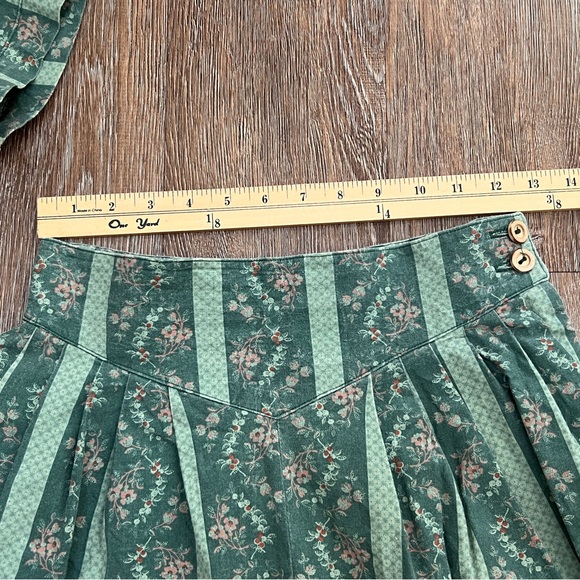VTG MP Green Floral Stripe Matching Top & Short Set Cottagecore | Size: XS/S - Picture 4 of 11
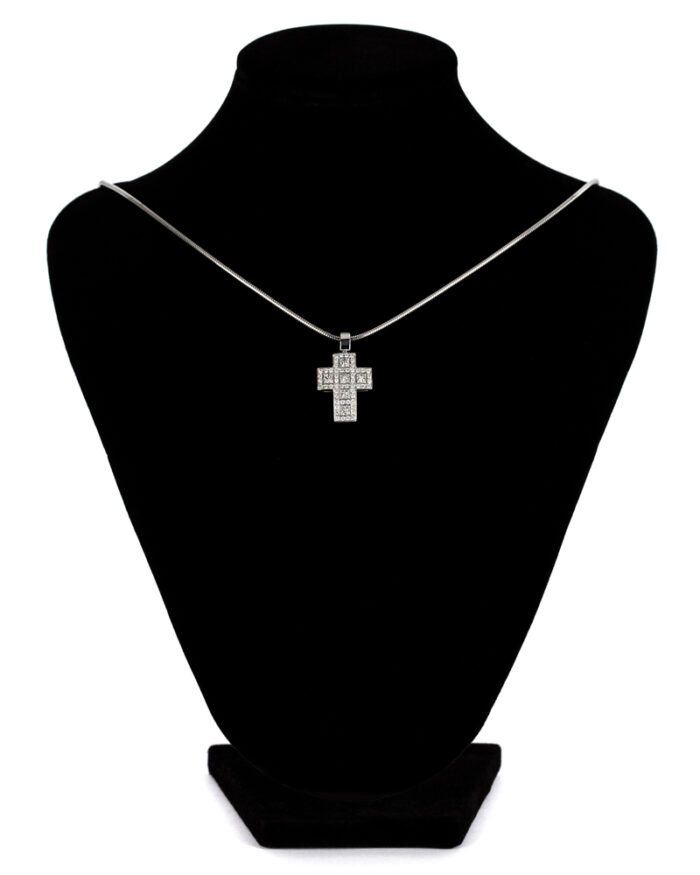 Cruciulita din aur alb de 18k cu diamante naturale 2.8ct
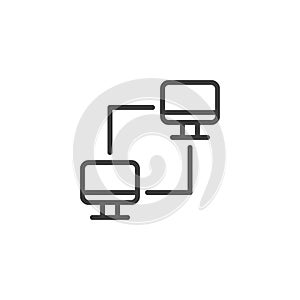 Connected computers line icon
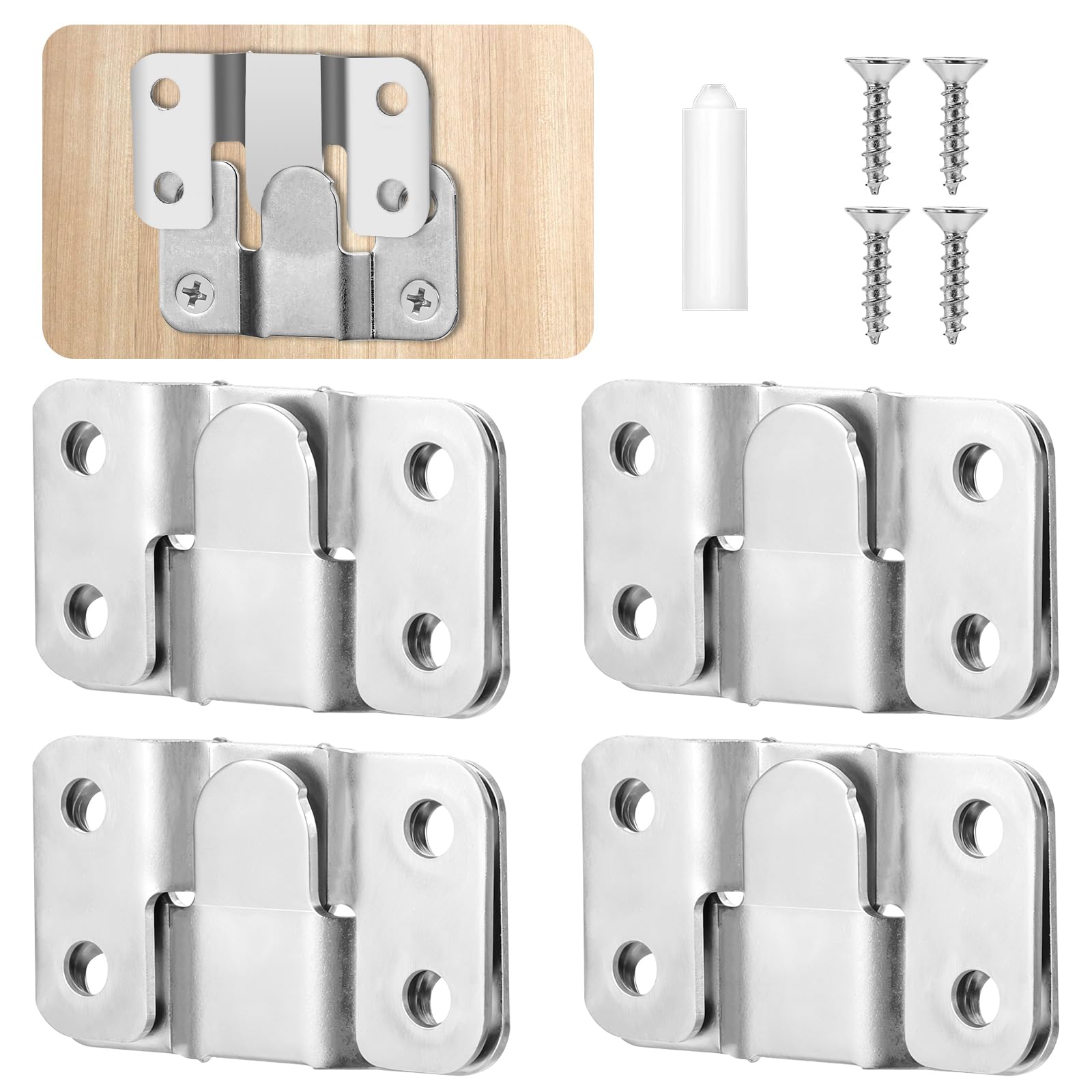 Dimeho Flush Mount Bracket 4 Pairs Interlocking Flush Mount Bracket with Screws Headboard Wall Mounting Brackets Large Picture Hanger Hanging Buckle Furniture Connector Sectional Couch Connectors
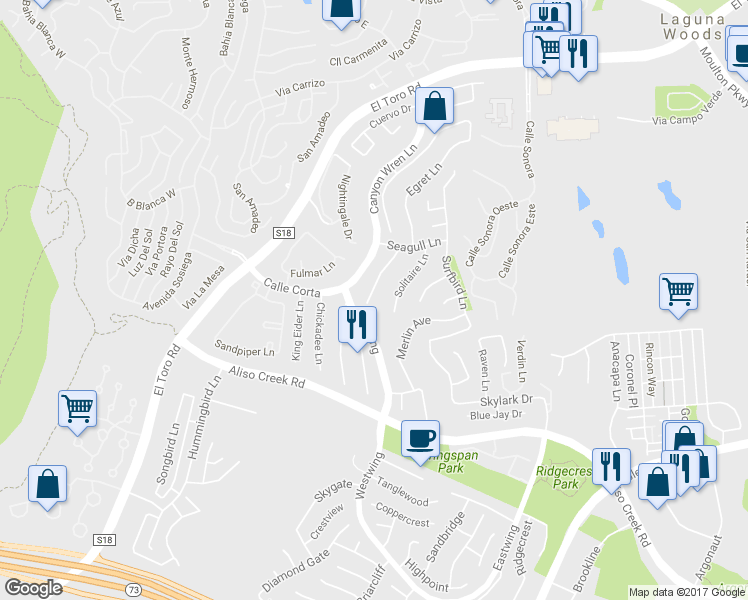 map of restaurants, bars, coffee shops, grocery stores, and more near 35 Blackbird Lane in Aliso Viejo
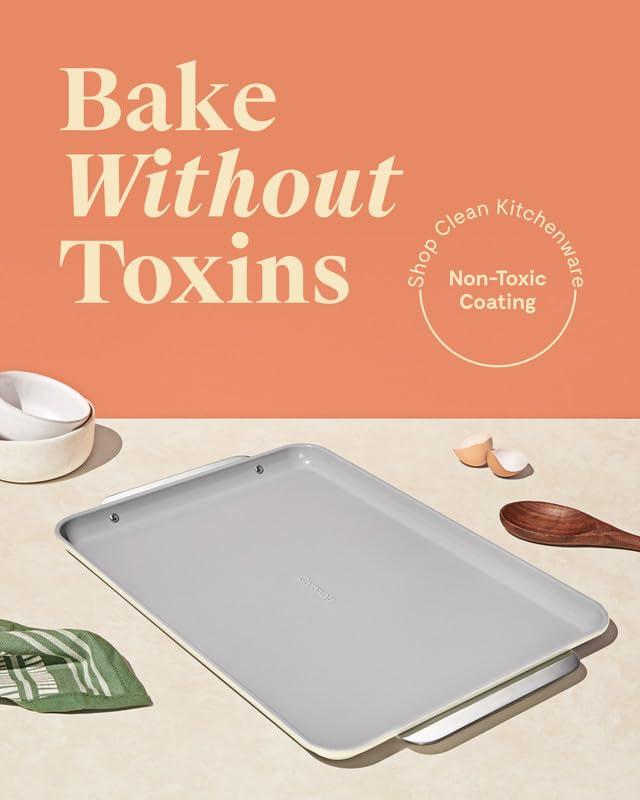 Caraway Caraway Non-Stick Ceramic Baking Sheet - Naturally Slick Ceramic Coating - Non-Toxic, PTFE & PFOA Free - Perfect for Baking, Roasting, and More - Large (18\" x 13\") - Sage
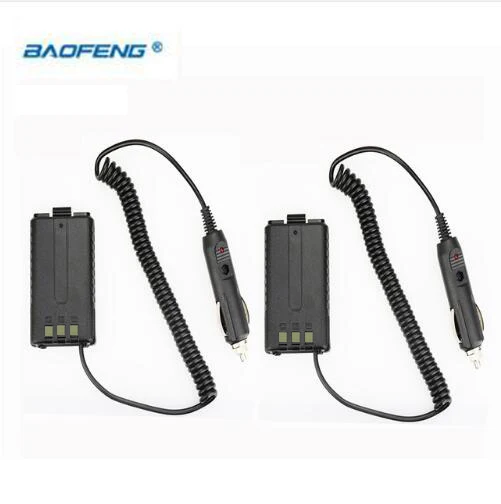 Cheap 2pcs BAOFENG UV-5R Car Charger For UV 5R UV-5RB UV-5RA Two Way Radio CB Walkie Talkie Battery Eliminator UV5R Accessories | Мобильные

> Work instructions
Restate word for word the lines from the one holding "Dimeho Flush Mount" down through the last line of the records above, and do not include the pictures.

> Written response
 Dimeho Flush Mount Bracket 4 Pairs Interlocking Flush Mount Bracket with Screws Headboard Wall Mounting Brackets Large Picture Hanger Hanging Buckle Furniture Connector Sectional Couch Connectors
 map of restaurants, bars, coffee shops, grocery stores, and more near 35 Blackbird Lane in Aliso Viejo
 Caraway Caraway Non-Stick Ceramic Baking Sheet - Naturally Slick Ceramic Coating - Non-Toxic, PTFE & PFOA Free - Perfect for Baking, Roasting, and More - Large (18\" x 13\") - Sage
 Cheap 2pcs BAOFENG UV-5R Car Charger For UV 5R UV-5RB UV-5RA Two Way Radio CB Walkie Talkie Battery Eliminator UV5R Accessories | Мобильные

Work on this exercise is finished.